A lot of the footnotes I can’t track down at all, possibly because most of the pamphlet is a couple of years old; many of the rest of the footnotes refer only to news reports rather than actual primary sources. They generally circle back to a WHO report which was not — and never purported to be — a remotely scientific study of the prevalence of counterfeit drugs; instead, it included a fair amount of anecdote, and cited a mysterious September 2005 report from the US-based Centre for Medicines in the Public Interest which predicted "that counterfeit drug sales will reach $75 billion globally in 2010, an increase of more than 90% from 2005."
I haven’t been able to find a copy of the CMPI report; if anybody can point me to it, I’d be much obliged. But that CMPI report — which, remember, was a prediction, not a survey of any kind — seems to be the only source backing up the claim from the ACSH that the counterfeit drug problem is growing. (Oh, and the author of the CMPI report is one of the experts peer-reviewing the update to the pamphlet.)
As for the claims that counterfeit drugs are increasingly being found in the US drug supply and in neighborhood pharmacies, I can’t even find a single footnote to that effect; I can’t even find the claim about neighborhood pharmacies in the pamphlet’s text.

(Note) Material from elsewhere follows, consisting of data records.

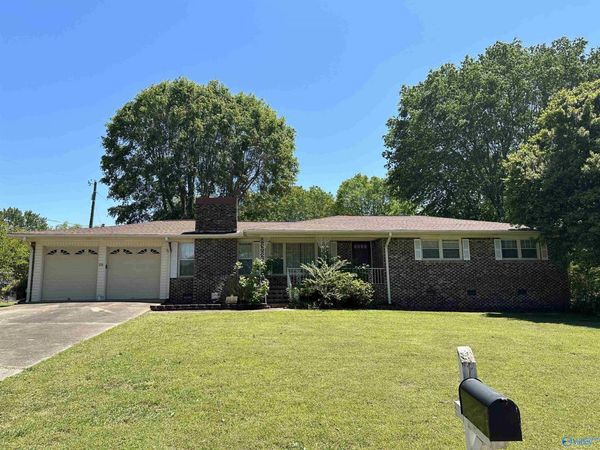 206 Skidmore Drive NW, Arab, AL 35016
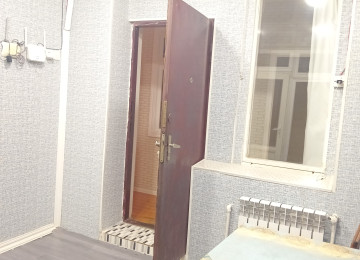 Bina evi. beşin biri. iki otaqlı. Sahə 51kv Artırma 26 kv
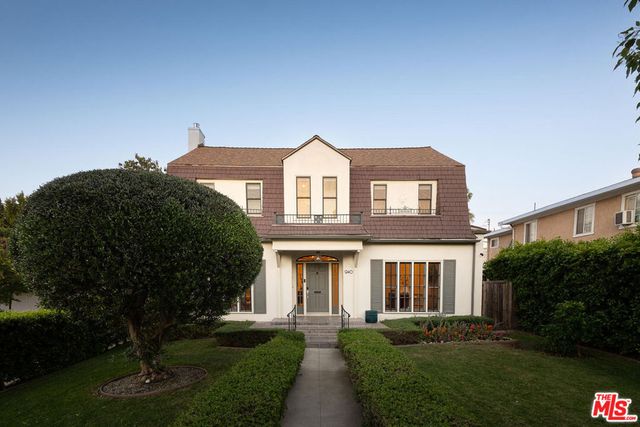 940 Westchester Place, Los Angeles, CA 90019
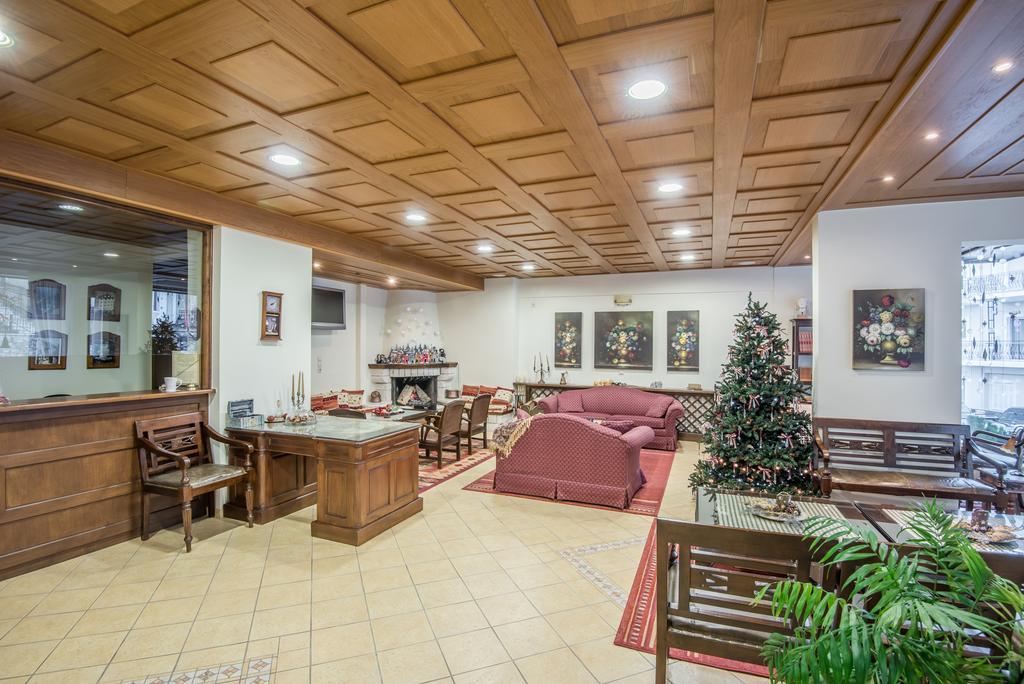 קרפניסיון Marianna'S Home Accommodation מראה חיצוני תמונה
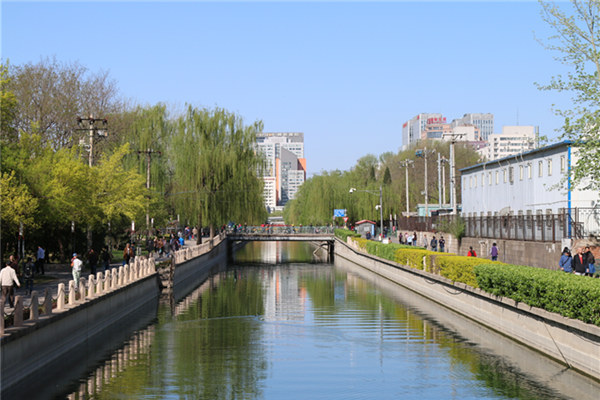 元大都遗址公园水边风景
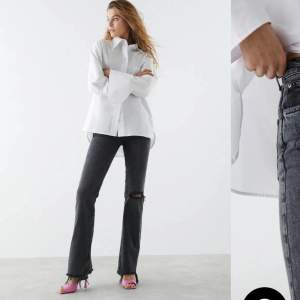 Jätte fina flare jeans från ginatricot! Finns inga defekter, förutom att det är LITE slitna ner till benen🙌🏻 Säljer då dem är lite förstora🙃 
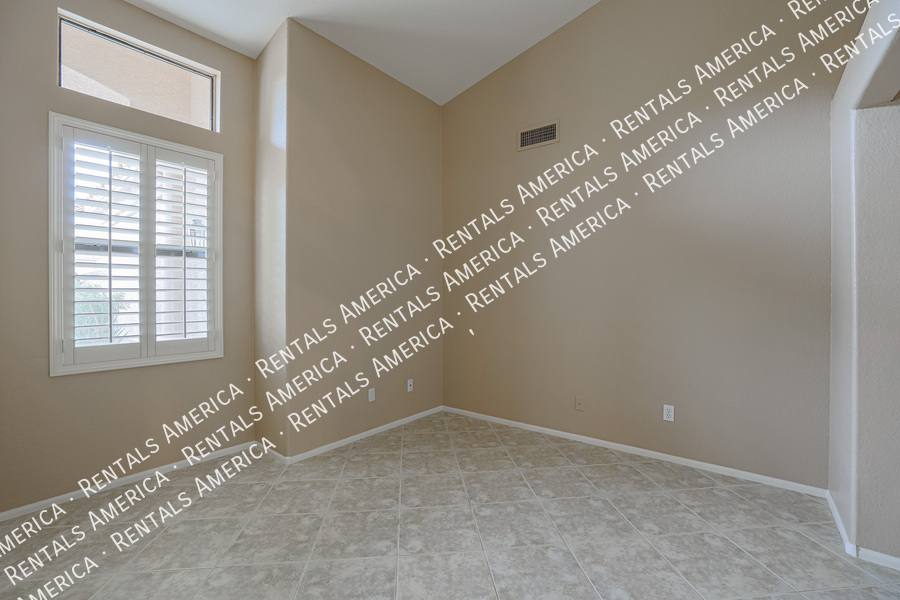 House for rent at 263 E Ashurst Dr, Phoenix, AZ 85048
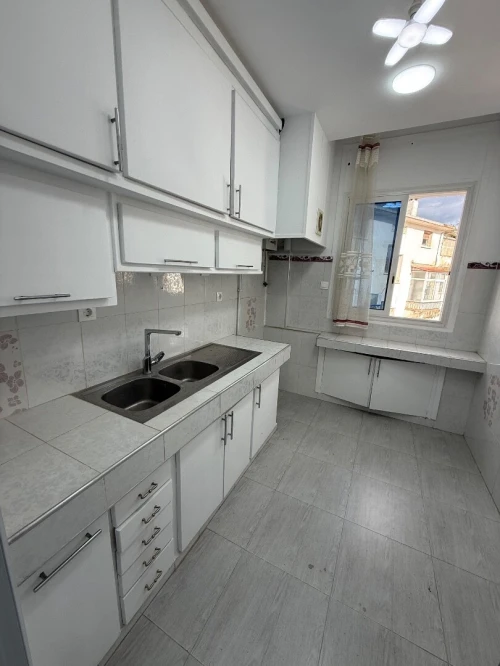 Location Appartement F3 Alger El mouradia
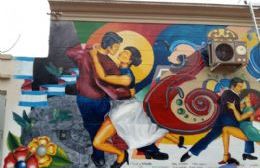 Nuevo mural en 10 y 163: “Tango y Filete”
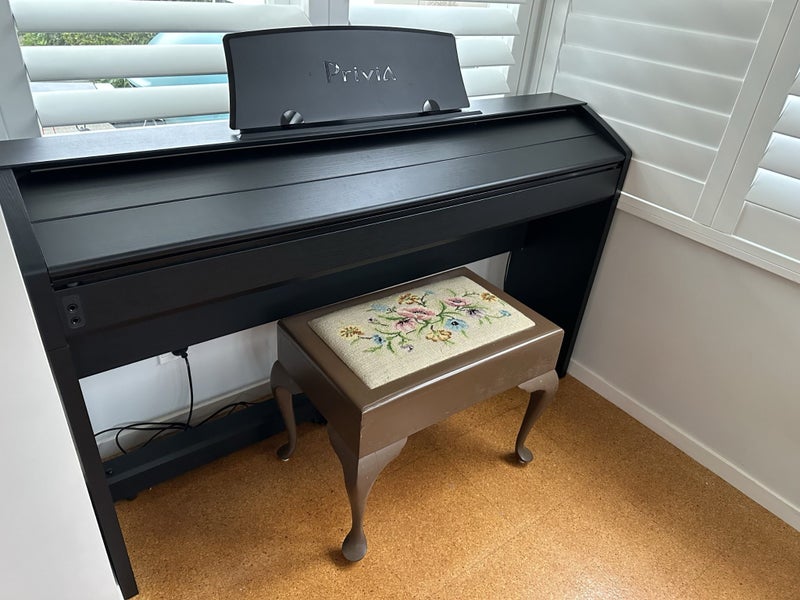 Casio Privia PX-760 Carousel 1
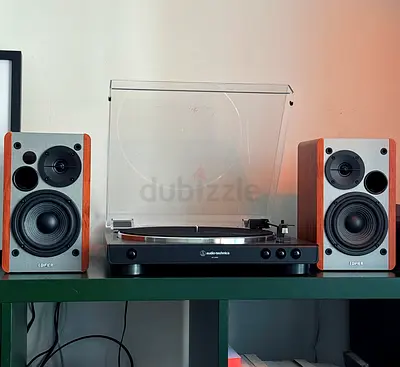 Record Player with Speaker in Vinyls
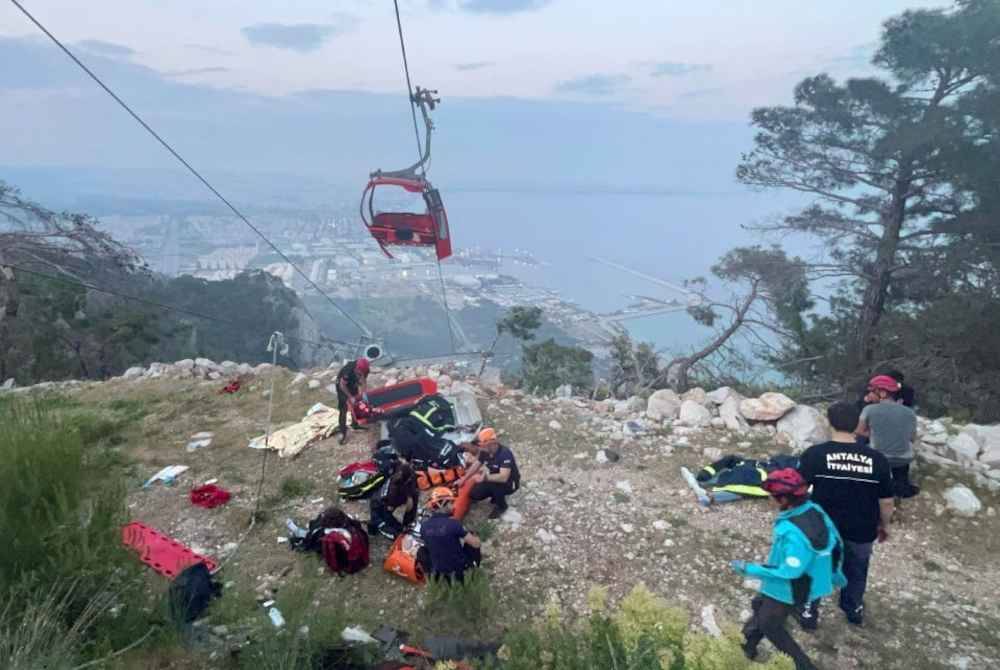 Operasi menyelamat dan membantu mangsa yang cedera selepas tiang yang menyokong kereta kabel tumbang di Antalya, Turkiye. Foto AFP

In general, whenever a claim is footnoted in the text, that footnote doesn’t support the claim itself, but cites some other primary source — and so on, ad infinitum. And sometimes, the ACSH seems happy to make claims which aren’t even in the text of its pamphlet at all.
At the end of this exercise, the skeptical reader naturally wonders whether there’s really anything to all the hyperbole at all. Counterfeit drugs may or may not be a problem in the US, but if substantially all the claims about them turn out to be bogus or unsupported, one has to wonder why the likes of the ACSH aren’t being fully honest with us.
(Thanks to Jesse Eisinger, who pointed me to the ACSH press release.)